§ **GOAL OF THE EXERCISE**
In this exercise, print only the lines from the line with "vidaXL Boxspringbett mit" to the last line of the data below, inclusive. Any pictures should be left out.

§ **DATA SHOWN**
※ ※ ※

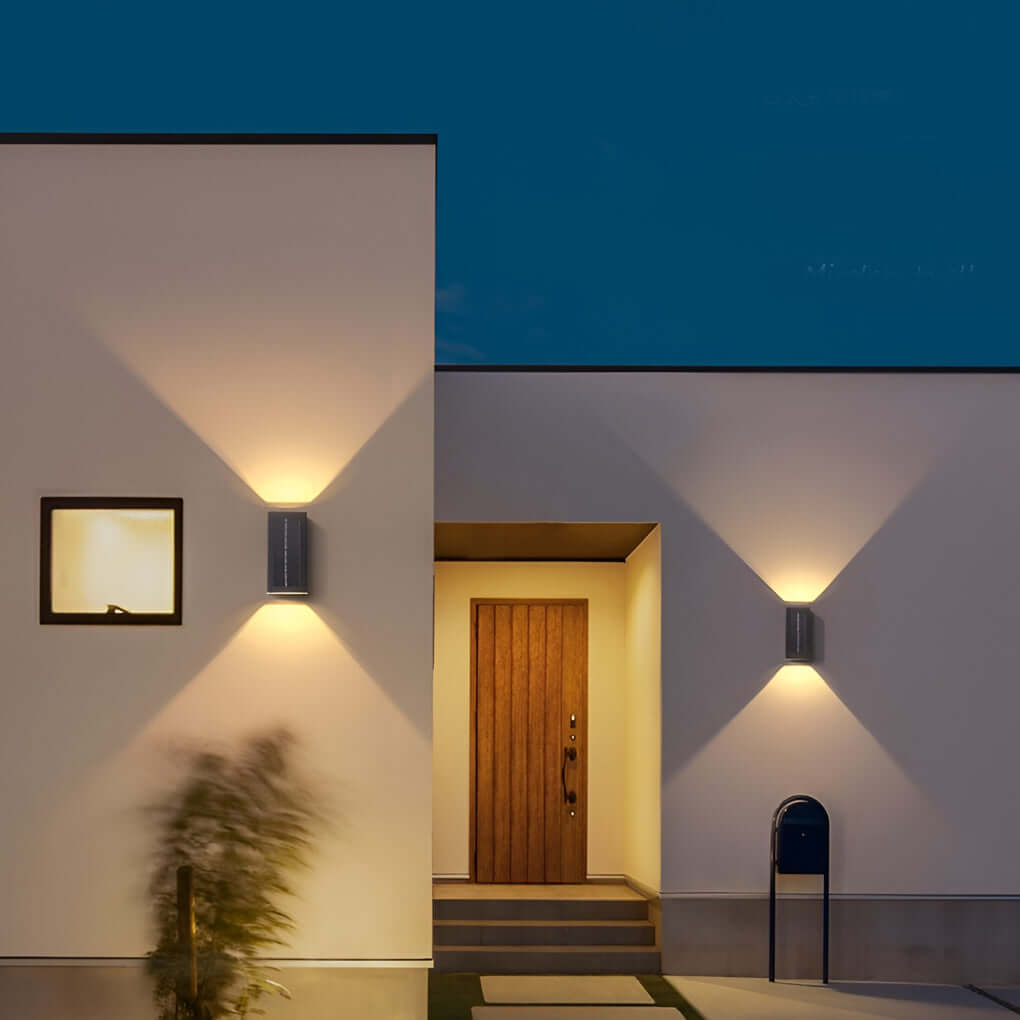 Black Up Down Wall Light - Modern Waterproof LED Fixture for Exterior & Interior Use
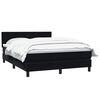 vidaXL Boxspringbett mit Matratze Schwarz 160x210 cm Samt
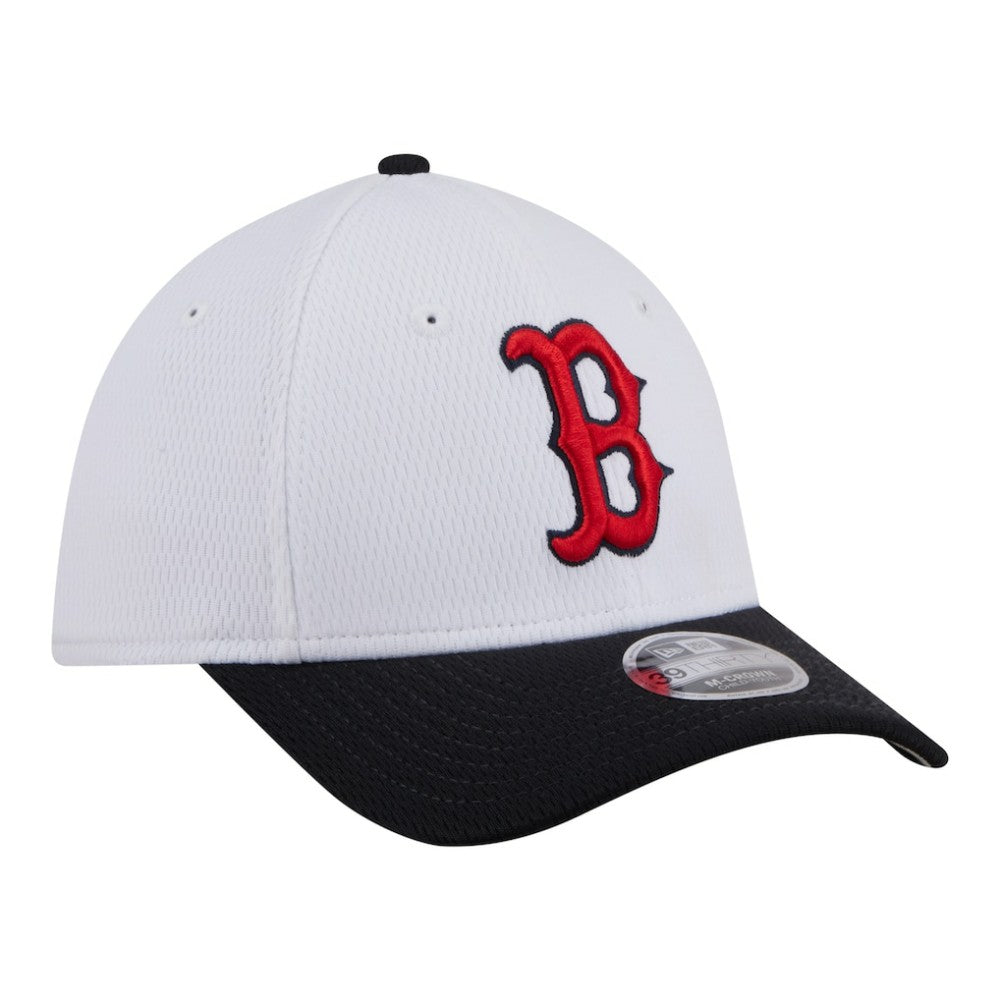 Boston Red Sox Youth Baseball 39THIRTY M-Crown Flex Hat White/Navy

※ ※ ※

§ **ANSWER BOX**
 vidaXL Boxspringbett mit Matratze Schwarz 160x210 cm Samt
 Boston Red Sox Youth Baseball 39THIRTY M-Crown Flex Hat White/Navy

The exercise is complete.